Dr. Roudebush continues the theme of multipotent mediators by describing platelet-activating factor as a potent signaling phospholipids with pleiotropic biological activities. With respect to reproductive physiology, its influence is discernible not only at fertilization but for implantation and embryo development. In semen it is synthesized and used by sperm; concentrations correlate directly with an array of fertility parameters. Despite clear evidence of its importance, exact mechanisms of action are not well understood.

The role of lipids in hemostatic mechanisms is well established. In semen, a rich source of lipid lies in prostasomes, microparticles (or exosomes) secreted by prostatic epithelial cells. Prostasomes also bear many membrane-associated proteins, including TF. Their importance may extend to neoplastic disease in the prostate. Dr. Delves and coworkers illustrate that they may influence angiogenesis, a key event in tumor progression, although the direction of that influence may depend on conditions surrounding the production of the microparticles and the milieu in which they are located-naturally in the ejaculate or extopically in tissue spaces of the disrupted architecture in cancer.
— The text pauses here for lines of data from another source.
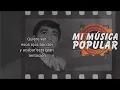 Que Se Junten Nuestros Brazos - Cornelio Reyna - Con Letra (Video Lyric)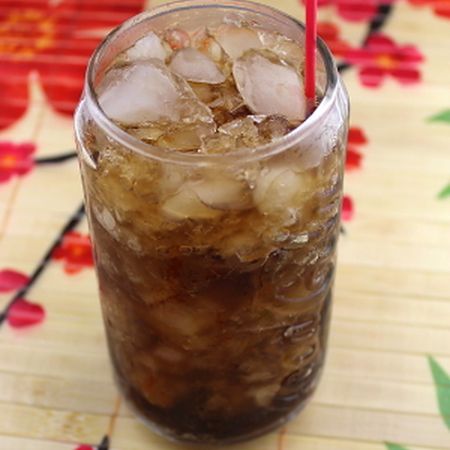 Cocktail Mir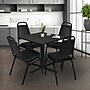 Regency Cain Square Laminate X Base Breakroom Table, 48"D x 48"W, Ash Grey (TB4848AG)~#|#~AD3C41C7-20CC-4AF4-A2CE9A97EF699FD4_sc7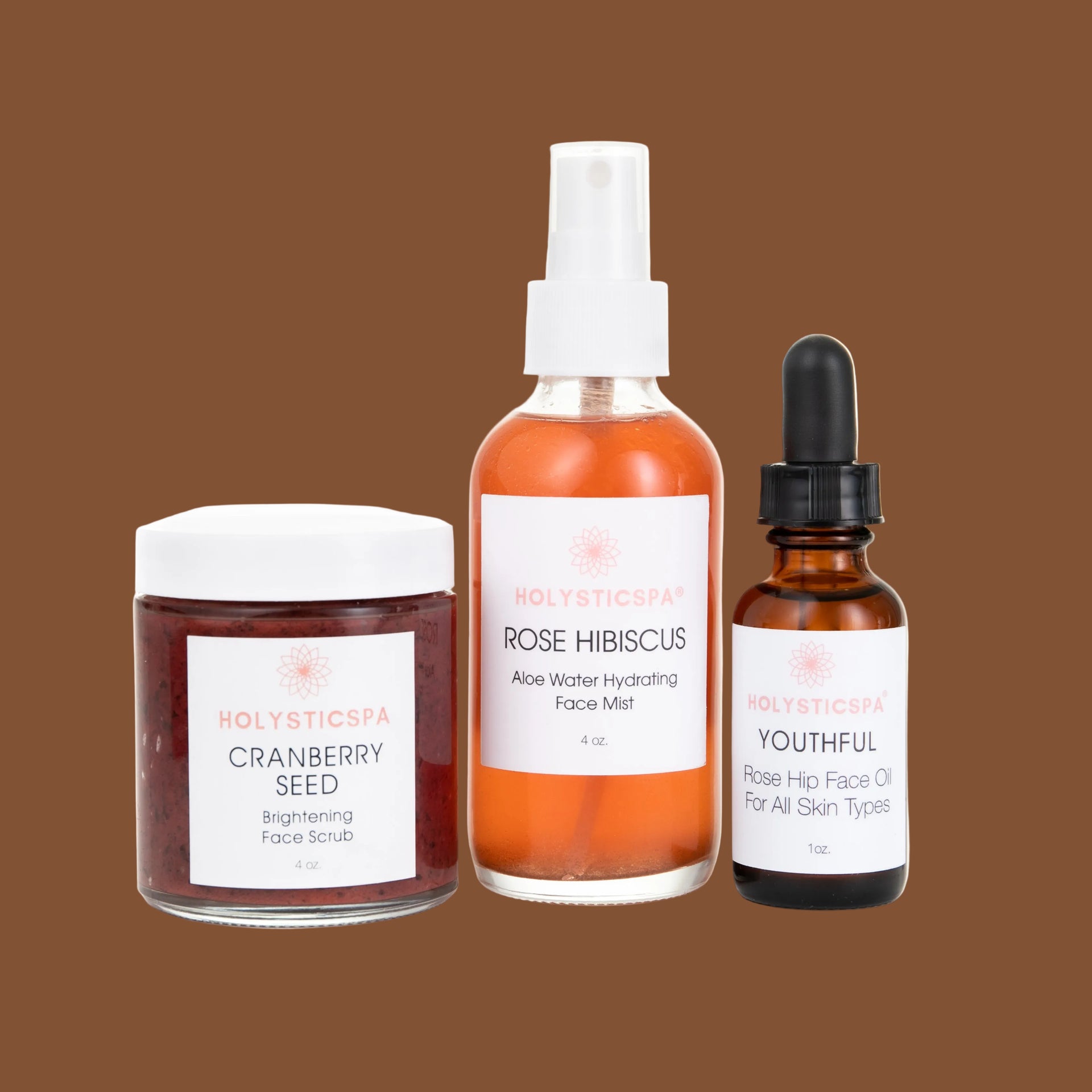 Brightening Skincare Bundle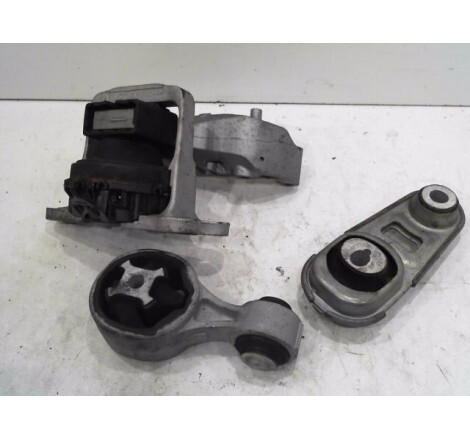 Support moteur NISSAN X-TRAIL Diesel - 1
Dr. Babiker and associates pursue the relationships among prostasomes, TF, and cancer further. Differences between normal prostasomes and those from cancerous tissue are highlighted, and it is postulated that their high TF content combined with abnormal release into the circulation may contribute to thromboembolic complications in prostate cancer.
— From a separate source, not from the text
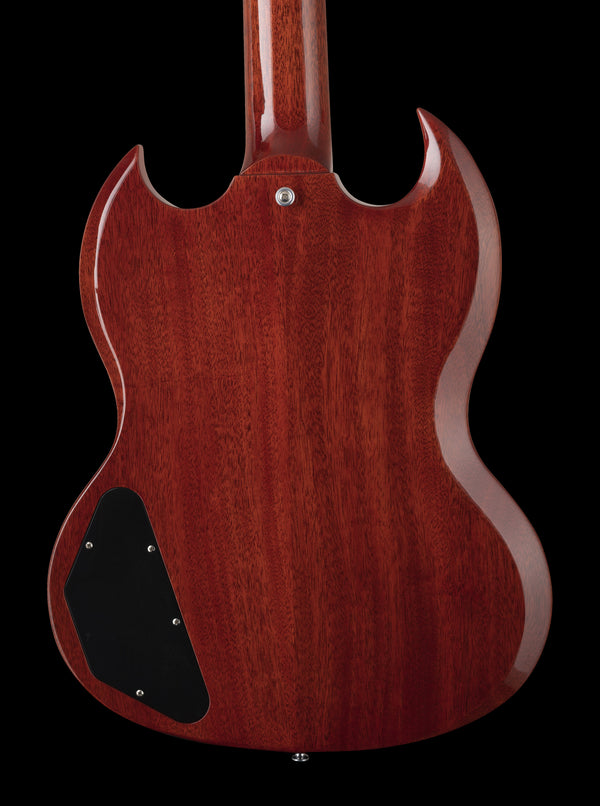 Gibson SG Standard '61 With Maestro Vibrola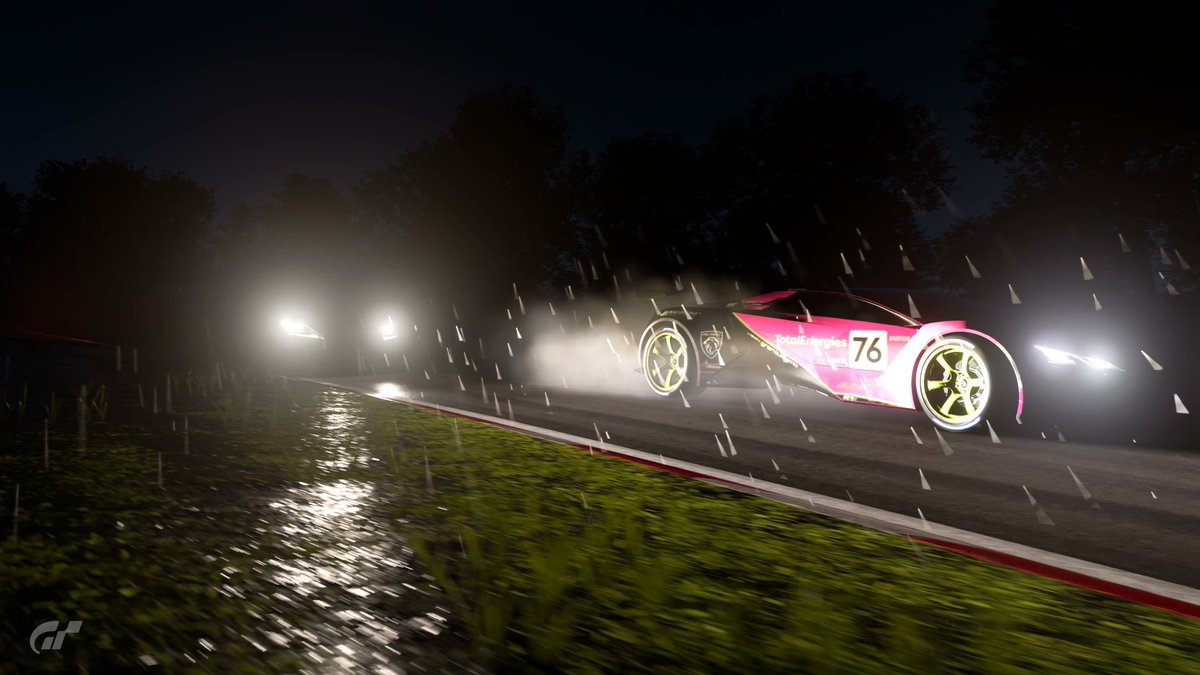 ArixRacing's tweet photo. And we're done with Arix GP 2022!

Congratulations to @LexusEnjoyer for winning the event despite us rigging it, and to @deadline24th and @ZenQMeister for P2 and P3.

It was an event filled with close racing and we're sure we'll meet again for 2023 edition! https://t.co/Z9v70E1Owf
Dr. Veveris-Lowe and coworkers also touch on cancer in discussing the products of the kallikrein-related protease (KLK) gene family. These products have a role in normal reproductive physiology, but also include the well-known product, PSA, which is currently the biomarker of choice for monitoring progression in prostate cancer, albeit with several reservations about the interpretation of results. Other candidate prognostic markers emerging from proteomic analyses of seminal plasma are discussed.

Cancer is sometimes described as “a wound that won't heal.” Professor Preissner and Dr. Bronson describe hemostatic processes as prominent in the early stages of healing and relying substantially on cell adhesion molecules and receptors. The same molecules appear to orchestrate the movement of spermatids in the testis during spermatogenesis, and facilitate mature and capacitated sperm in fusing with oocytes. The thesis is illustrated by experiments describing how vitronectin and other hemostatic factors act as a multifunctional adhesion molecule throughout the independent existence of spermatozoa.
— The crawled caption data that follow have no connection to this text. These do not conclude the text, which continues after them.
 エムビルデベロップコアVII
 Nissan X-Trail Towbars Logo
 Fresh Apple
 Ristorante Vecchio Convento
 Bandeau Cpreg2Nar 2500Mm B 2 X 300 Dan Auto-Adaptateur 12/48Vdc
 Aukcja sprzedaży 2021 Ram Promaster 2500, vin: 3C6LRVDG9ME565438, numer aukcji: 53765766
Finally, Professor Lockwood and coworkers follow the influence of hemostatic factors, postfertilization, in placental development and on to their obviously critical and classically hemostatic role after birth when the placenta is shed. Throughout gestation these factors are important in maintaining homeostasis in maternal-fetal relations and abnormalities or imbalances result in malformed or malfunctioning placentas or preeclampsia. Thrombin also plays a part in the normal estrus cycle by promoting cytokines and the enzymes involved in tissue remodelling.

If serious malfunction of blood coagulation is life-threatening to the individual, as crucial to our species' survival is reproductive function, in which coagulation and liquefaction are also critical. Components of the hematological system certainly are present and active in processes impinging on fertility, from spermatogenesis to fertilization and fetal development, either in their classical roles, or by interactions with the semenogelins and PSA or revealing other activities. Abnormalities, qualitative or quantitative, predispose to life-threatening conditions such as eclampsia or cancer progression, as well as the socially debilitating condition of infertility. There is ample scope for the hematologist in the study of reproductive biology and medicine.